(Closed) Question re: bridal shower hosting

posted 6 years ago in Parties
Post # 3
Member
2192 posts
Buzzing bee
  • Wedding: May 2012

I would say no.  It is customary for the maid of honor to take on most of the cost of the bridal shower.  Sometimes the moms chip in.  Bridesmaids usually don’t contribute unless they are asked which is something I have not seen.

Post # 4
Member
6892 posts
Busy Beekeeper
  • Wedding: March 2012

I think it depends. One of my BMs did help contribute to one of my showers, but it wasn’t nearly as much as my Maid/Matron of Honor. Granted, it was a non-traditional shower…so the Maid/Matron of Honor and Best Man paid for most of it. The 1 Bridesmaid or Best Man offered to bring the games, which were later gifted to Fiance and I.

For my other shower, it’s my Maid/Matron of Honor and my Mom for the most part. Now I feel bad for my Maid/Matron of Honor. Lol. Luckily I may be returning the favor soon! And she’s getting a super Bridesmaid or Best Man gift and some other stuff.

Post # 5
Member
5118 posts
Bee Keeper
  • Wedding: November 1999

If it’s an invite from Maid/Matron of Honor, then I’d assume she’d cover most of the costs (maybe the other gals can bring desserts or snacks if they attend, etc). If it’s hosted by ‘all BMs,’ then I’d expect them to share pretty equally in the expense.

If, however, it’s impossible for a gal to not be present due to being out of state or otherwise occupied and unable to attend, I wouldn’t expect her to pay in because she’s not there to enjoy the party. She could definitely send her own gift to the bride, but that’s separate than helping host/throw/pay for the shower. 

Post # 6
Member
6892 posts
Busy Beekeeper
  • Wedding: March 2012

@indibee:  <– Also, pretty much what she said. Since she said it 2439484 times better.

Post # 7
Member
1375 posts
Bumble bee
  • Wedding: September 2012

If the bridesmaids would like to help host the shower, then they may.  It should not be expected of them, and CERTAINLY should be not expected if they cannot attend.

Post # 8
Member
2854 posts
Sugar bee
  • Wedding: May 2012

When I was a Maid/Matron of Honor, I didn’t have any help at all with the shower.. so I’d say no, although it sure would be nice. :

Post # 9
Member
184 posts
Blushing bee

@MeghanV:  

No—if they cannot attend because they are out of town—they, in my mind, are exempt.

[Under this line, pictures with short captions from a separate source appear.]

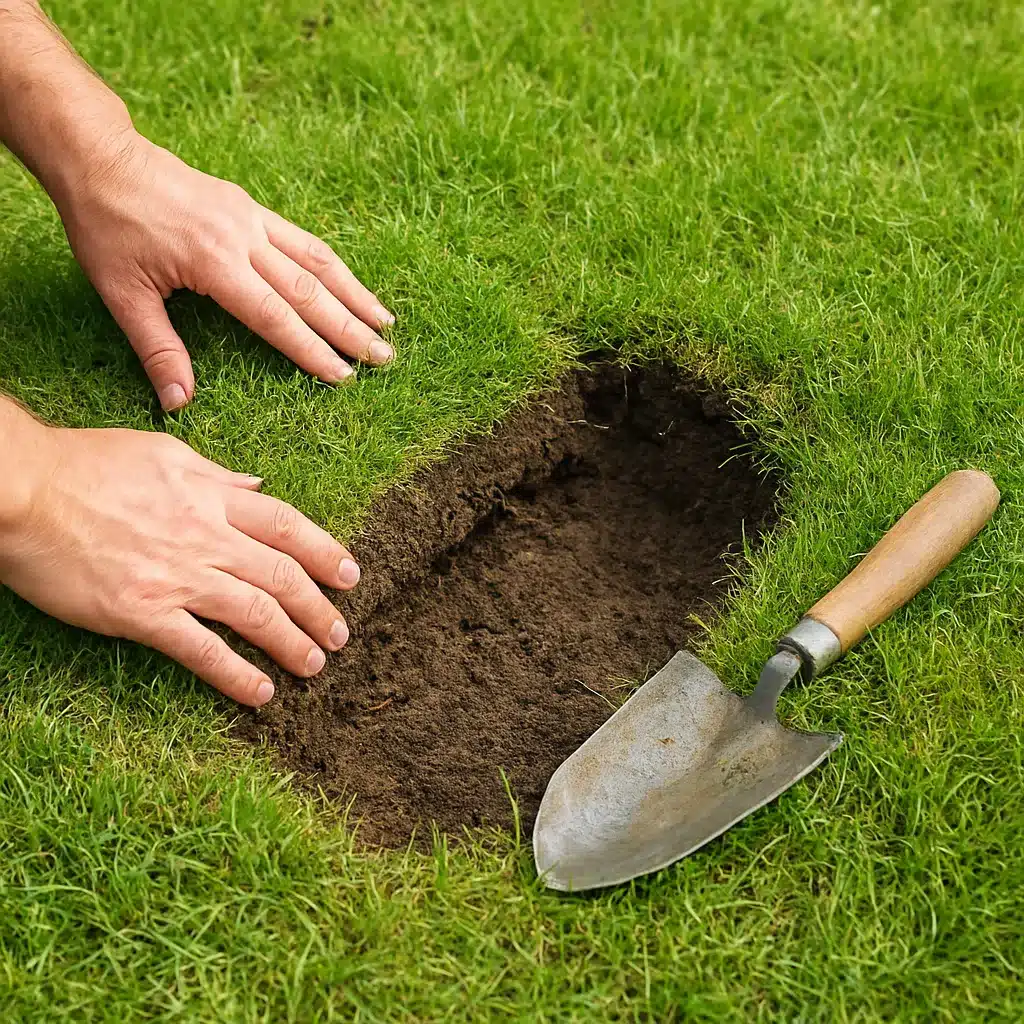 Read more about the article Jak naprawić koleiny i zagłębienia na istniejącym trawniku?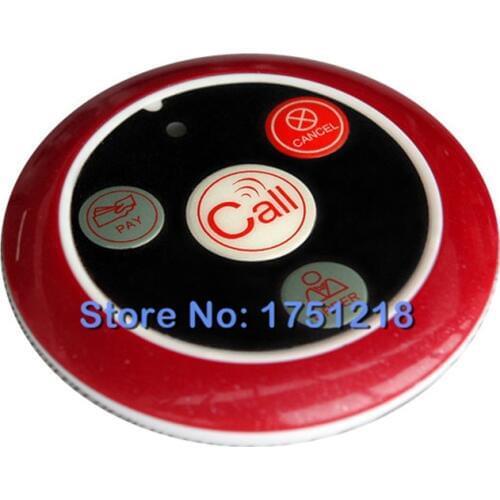 4-button wireless calling button , ultrathin and portable,wireless calling system waiter call and Restaurant call service
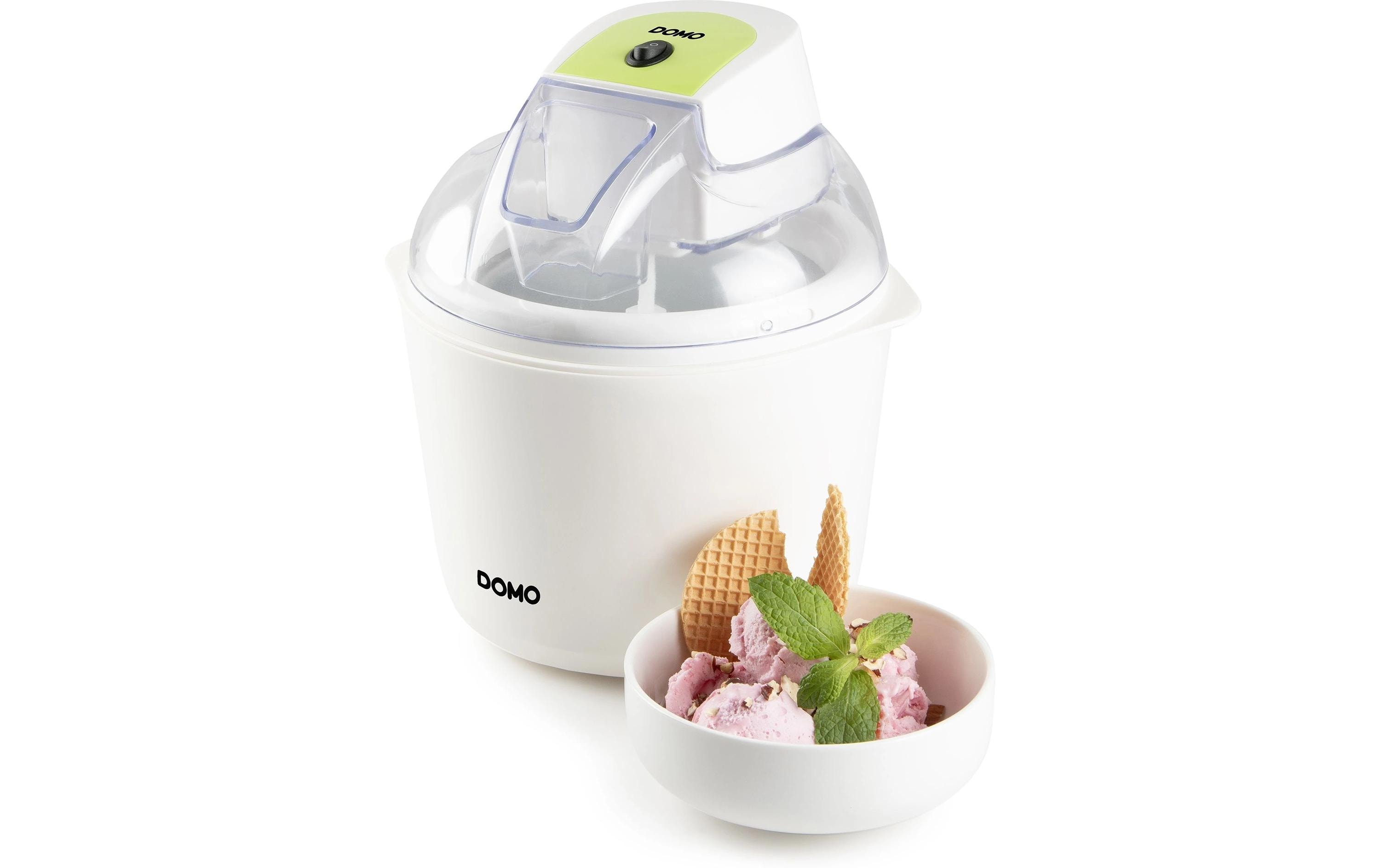 Domo Glacemaschine DO9304I 1.5 l, Weiss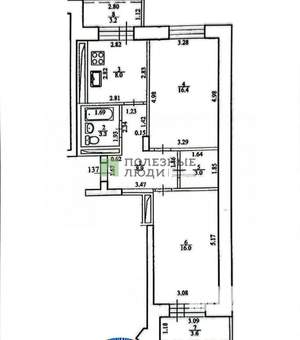 2-к квартира, вторичка, 59м2, 12/12 этаж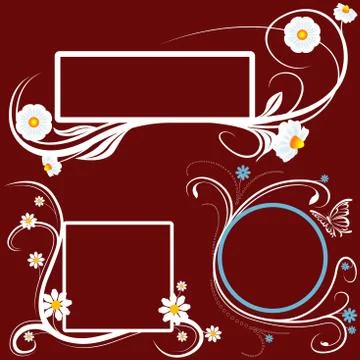 Floral Banners Stock Illustration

Where I am from, the bridesmaids and Maid/Matron of Honor do not have the “requirement” of doing any showers or bridal tea—though they do usually throw the bachelorette or lingerie shower.

Usually friends of the bride’s mother does the bridal shower/tea—as we do them quite large—and most bridesmaids are young and not able to spend that much to throw a super nice bridal shower/tea.

It’s a nice to have—but certainly not a requirement.

Post # 10
Member
3265 posts
Sugar bee

@MeghanV:  No whomever hosts the event bears full responsibility for the costs.  Sometimes all the BMs will contribute, but it certainly isn’t required, and this should be discussed privately by them, and determined before anything else is set about the shower.

Post # 12
Member
112 posts
Blushing bee
  • Wedding: May 2012

Anytime I’ve been in a wedding, the bridesmaids collectively threw a shower. I think this is primarily because the expense has been too great to have just the Maid/Matron of Honor take on the task.

In a month or so, my bridesmaids will all be hosting a couples shower for us, I can’t wait!